In this episode, Dave and Jamison answer these questions:

  1. I’m a senior software engineer at a fast growing software startup. In the past year and a half that I’ve been with the company I’ve gone through 5 reorgs and have had 5 different managers in 4 different teams. Each time I sit down to do a 1 on 1 with a new manager they ask about my career goals and aspirations.

    Initially, when I joined the company I was a weak and feeble non-senior software engineer. When I was asked this question then, my answer was “to learn and grow, and have more authority and autonomy over the systems that I build, and be considered a senior software engineer”. Over the past year and half I have proven my worth and paid my dues and got the title of senior software engineer, along with the pay raise that came with it.

    My career development horizon has not been very broad.
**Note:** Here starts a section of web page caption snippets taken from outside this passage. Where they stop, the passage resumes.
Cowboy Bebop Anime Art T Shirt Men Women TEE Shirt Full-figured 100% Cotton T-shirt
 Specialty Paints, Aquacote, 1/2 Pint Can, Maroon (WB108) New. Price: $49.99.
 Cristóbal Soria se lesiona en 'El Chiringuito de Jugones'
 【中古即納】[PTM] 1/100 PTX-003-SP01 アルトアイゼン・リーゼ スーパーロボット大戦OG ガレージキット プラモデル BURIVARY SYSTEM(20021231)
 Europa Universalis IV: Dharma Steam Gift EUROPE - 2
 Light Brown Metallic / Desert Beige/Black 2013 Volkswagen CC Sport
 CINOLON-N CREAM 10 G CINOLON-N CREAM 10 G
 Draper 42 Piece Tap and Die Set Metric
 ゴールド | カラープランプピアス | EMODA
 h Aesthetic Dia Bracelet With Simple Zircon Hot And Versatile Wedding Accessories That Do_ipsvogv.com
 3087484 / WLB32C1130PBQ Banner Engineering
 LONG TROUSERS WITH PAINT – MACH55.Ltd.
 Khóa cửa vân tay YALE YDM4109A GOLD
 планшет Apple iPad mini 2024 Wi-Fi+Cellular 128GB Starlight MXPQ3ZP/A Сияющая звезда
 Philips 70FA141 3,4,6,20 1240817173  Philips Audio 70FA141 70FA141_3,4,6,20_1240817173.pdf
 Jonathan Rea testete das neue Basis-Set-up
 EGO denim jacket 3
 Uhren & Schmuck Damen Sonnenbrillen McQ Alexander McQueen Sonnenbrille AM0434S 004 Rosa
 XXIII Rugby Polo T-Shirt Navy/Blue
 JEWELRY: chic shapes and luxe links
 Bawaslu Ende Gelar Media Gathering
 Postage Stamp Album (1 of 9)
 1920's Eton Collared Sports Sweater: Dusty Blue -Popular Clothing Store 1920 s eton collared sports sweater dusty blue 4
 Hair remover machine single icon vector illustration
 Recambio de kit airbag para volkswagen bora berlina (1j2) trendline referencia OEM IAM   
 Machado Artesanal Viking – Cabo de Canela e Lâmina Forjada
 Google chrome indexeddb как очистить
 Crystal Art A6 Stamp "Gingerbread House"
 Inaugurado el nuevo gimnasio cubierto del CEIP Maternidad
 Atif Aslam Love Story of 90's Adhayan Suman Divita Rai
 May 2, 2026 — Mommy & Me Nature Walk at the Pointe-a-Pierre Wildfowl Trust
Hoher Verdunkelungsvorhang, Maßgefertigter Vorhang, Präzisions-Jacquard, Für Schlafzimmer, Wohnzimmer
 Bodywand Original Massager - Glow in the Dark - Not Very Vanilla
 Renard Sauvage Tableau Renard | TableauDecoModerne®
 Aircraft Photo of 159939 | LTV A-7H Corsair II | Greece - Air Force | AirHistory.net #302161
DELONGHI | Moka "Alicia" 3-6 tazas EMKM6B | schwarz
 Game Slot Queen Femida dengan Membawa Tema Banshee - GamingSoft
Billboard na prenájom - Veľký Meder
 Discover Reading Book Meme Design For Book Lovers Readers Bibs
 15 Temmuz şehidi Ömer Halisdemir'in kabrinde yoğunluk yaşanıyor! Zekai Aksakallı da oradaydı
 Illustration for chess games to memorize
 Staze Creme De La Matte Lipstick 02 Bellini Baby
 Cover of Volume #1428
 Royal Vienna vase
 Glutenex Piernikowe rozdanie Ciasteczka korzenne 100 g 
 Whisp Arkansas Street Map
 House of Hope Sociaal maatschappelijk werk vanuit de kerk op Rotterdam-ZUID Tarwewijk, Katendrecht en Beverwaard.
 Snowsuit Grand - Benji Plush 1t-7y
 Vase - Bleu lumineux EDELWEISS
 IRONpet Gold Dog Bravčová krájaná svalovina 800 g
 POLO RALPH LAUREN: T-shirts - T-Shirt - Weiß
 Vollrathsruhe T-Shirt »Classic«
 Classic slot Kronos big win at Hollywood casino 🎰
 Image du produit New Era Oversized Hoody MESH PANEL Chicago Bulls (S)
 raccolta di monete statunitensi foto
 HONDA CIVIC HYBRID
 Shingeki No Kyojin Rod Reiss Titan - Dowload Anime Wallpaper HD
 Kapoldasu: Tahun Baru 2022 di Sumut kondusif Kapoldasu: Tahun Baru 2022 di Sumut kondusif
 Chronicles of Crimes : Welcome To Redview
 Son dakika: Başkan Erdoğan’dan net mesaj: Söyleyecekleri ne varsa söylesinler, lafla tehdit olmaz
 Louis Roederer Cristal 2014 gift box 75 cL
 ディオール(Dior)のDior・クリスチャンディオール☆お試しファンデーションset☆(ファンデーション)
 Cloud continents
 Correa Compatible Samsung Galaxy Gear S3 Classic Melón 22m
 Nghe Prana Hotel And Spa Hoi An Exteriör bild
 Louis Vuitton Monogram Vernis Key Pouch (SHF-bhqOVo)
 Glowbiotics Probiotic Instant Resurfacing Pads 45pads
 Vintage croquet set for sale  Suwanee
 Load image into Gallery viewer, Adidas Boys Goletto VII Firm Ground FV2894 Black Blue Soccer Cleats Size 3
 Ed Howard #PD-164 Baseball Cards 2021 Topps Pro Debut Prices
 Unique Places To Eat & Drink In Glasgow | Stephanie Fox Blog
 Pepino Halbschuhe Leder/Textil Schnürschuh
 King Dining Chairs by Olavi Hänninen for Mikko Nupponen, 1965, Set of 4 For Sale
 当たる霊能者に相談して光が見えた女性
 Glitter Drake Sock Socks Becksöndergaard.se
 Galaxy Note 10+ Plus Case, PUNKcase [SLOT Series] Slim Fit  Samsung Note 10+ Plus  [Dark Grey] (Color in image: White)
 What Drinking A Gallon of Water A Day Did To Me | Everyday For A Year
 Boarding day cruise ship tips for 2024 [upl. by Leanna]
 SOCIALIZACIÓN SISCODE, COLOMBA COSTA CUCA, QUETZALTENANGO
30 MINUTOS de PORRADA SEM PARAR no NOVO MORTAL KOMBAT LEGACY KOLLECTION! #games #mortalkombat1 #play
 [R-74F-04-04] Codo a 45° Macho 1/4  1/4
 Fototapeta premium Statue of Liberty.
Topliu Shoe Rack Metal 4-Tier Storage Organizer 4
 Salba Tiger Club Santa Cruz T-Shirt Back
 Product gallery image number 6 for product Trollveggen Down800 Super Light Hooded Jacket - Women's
I didn’t even know there were levels beyond senior software engineer for a long time.

    I feel like I’m missing out on growth opportunities by not having a clear answer to this question. Please help!

    Love your show, keep it up.

  2. I career switched via a coding bootcamp 3 years ago and have been at my current company ever since.

    The bugs created by my garbage code from the early days made me a big believer in clean code practices — I now feel strongly about using descriptive variable names, avoiding duplicate code, etc.

    However, my boss/CTO is on the opposite end of the spectrum. As long as the code works, he doesn’t care what it look like.

    I want to stay at this company because I strongly believe in the product and I love the flexibility of a small start-up, but my boss and I keep bumping heads.

    For example, we recently switched over to PRs, and each PR my boss has made included blatant violations of the coding standards document we created together (!). When I request changes on the PR, he says he’ll do it but it isn’t a good use of our time to rewrite it when the code works.

    My question is two-fold:

    (1) As the most senior engineer on the software team, how can I go about promoting a quality-driven approach when the CTO doesn’t see the value in it?

    (2) If all else fails, I’m open to quitting, but I don’t want to end up the same boat. During interviews, what questions can I ask to find out if the company truly values code quality?